Work task: Look below for the lines from the one with "الخريف الشتاء بولي" to the one with "Muotokuva Mary Villiersistä, Lennoxin", and copy exactly those lines, both ends included.

++++++++

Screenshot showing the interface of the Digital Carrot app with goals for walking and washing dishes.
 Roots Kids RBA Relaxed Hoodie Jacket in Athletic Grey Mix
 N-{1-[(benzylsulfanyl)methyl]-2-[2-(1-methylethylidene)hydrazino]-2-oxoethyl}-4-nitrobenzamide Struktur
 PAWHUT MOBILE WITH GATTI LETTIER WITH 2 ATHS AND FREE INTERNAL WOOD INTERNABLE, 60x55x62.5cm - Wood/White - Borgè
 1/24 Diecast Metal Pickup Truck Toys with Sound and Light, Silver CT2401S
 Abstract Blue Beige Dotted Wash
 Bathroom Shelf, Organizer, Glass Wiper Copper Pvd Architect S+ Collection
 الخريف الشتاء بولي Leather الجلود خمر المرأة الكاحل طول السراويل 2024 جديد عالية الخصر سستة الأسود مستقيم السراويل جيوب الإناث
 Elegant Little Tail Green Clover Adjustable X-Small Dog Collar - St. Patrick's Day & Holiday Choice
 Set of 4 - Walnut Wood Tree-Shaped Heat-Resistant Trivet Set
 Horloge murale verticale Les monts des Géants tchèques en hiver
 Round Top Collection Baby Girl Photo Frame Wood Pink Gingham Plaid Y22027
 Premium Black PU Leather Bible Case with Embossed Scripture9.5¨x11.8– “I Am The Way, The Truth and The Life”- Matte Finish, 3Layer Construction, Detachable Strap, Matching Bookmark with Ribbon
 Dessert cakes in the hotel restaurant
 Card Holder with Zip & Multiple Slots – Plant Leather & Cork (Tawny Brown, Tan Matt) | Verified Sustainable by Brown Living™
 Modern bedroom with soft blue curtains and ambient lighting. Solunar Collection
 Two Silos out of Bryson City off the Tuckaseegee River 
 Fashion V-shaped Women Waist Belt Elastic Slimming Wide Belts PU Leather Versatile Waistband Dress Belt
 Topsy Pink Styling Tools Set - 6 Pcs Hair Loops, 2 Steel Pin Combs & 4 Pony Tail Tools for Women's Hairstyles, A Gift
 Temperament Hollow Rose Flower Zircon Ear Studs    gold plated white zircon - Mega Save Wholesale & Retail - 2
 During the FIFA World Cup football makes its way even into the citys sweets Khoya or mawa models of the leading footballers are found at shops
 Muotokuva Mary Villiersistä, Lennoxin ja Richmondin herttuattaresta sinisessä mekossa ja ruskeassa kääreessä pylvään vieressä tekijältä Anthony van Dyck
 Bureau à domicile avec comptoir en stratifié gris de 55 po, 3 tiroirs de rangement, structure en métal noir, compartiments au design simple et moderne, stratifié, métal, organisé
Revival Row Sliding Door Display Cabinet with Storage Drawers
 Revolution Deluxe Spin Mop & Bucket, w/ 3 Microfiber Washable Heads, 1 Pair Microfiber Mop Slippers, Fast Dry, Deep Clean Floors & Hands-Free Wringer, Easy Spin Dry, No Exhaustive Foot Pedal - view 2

++++++++

Output of the task:
 الخريف الشتاء بولي Leather الجلود خمر المرأة الكاحل طول السراويل 2024 جديد عالية الخصر سستة الأسود مستقيم السراويل جيوب الإناث
 Elegant Little Tail Green Clover Adjustable X-Small Dog Collar - St. Patrick's Day & Holiday Choice
 Set of 4 - Walnut Wood Tree-Shaped Heat-Resistant Trivet Set
 Horloge murale verticale Les monts des Géants tchèques en hiver
 Round Top Collection Baby Girl Photo Frame Wood Pink Gingham Plaid Y22027
 Premium Black PU Leather Bible Case with Embossed Scripture9.5¨x11.8– “I Am The Way, The Truth and The Life”- Matte Finish, 3Layer Construction, Detachable Strap, Matching Bookmark with Ribbon
 Dessert cakes in the hotel restaurant
 Card Holder with Zip & Multiple Slots – Plant Leather & Cork (Tawny Brown, Tan Matt) | Verified Sustainable by Brown Living™
 Modern bedroom with soft blue curtains and ambient lighting. Solunar Collection
 Two Silos out of Bryson City off the Tuckaseegee River 
 Fashion V-shaped Women Waist Belt Elastic Slimming Wide Belts PU Leather Versatile Waistband Dress Belt
 Topsy Pink Styling Tools Set - 6 Pcs Hair Loops, 2 Steel Pin Combs & 4 Pony Tail Tools for Women's Hairstyles, A Gift
 Temperament Hollow Rose Flower Zircon Ear Studs    gold plated white zircon - Mega Save Wholesale & Retail - 2
 During the FIFA World Cup football makes its way even into the citys sweets Khoya or mawa models of the leading footballers are found at shops
 Muotokuva Mary Villiersistä, Lennoxin ja Richmondin herttuattaresta sinisessä mekossa ja ruskeassa kääreessä pylvään vieressä tekijältä Anthony van Dyck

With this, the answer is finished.